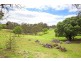 5 Sawadee Drive, Razorback NSW 2571
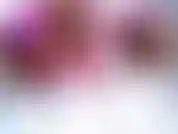 Los pensamientos más cálidos y los mejores deseos para unas vacaciones maravillosas y un feliz año nuevo. Que la paz, el amor y la prosperidad te acompañen siempre.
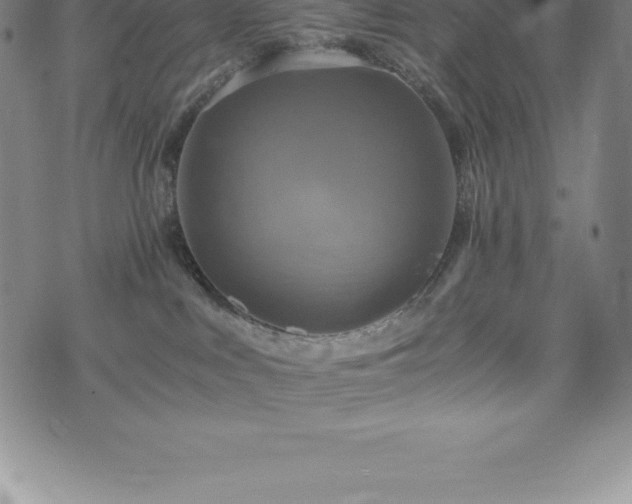 X0000075860043200609151237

• _YOUR INSTRUCTIONS_: Please copy the data shown above, line by line and exactly, omitting the images.

• _EXERCISE OUTPUT_:
 5 Sawadee Drive, Razorback NSW 2571
 Los pensamientos más cálidos y los mejores deseos para unas vacaciones maravillosas y un feliz año nuevo. Que la paz, el amor y la prosperidad te acompañen siempre.
 X0000075860043200609151237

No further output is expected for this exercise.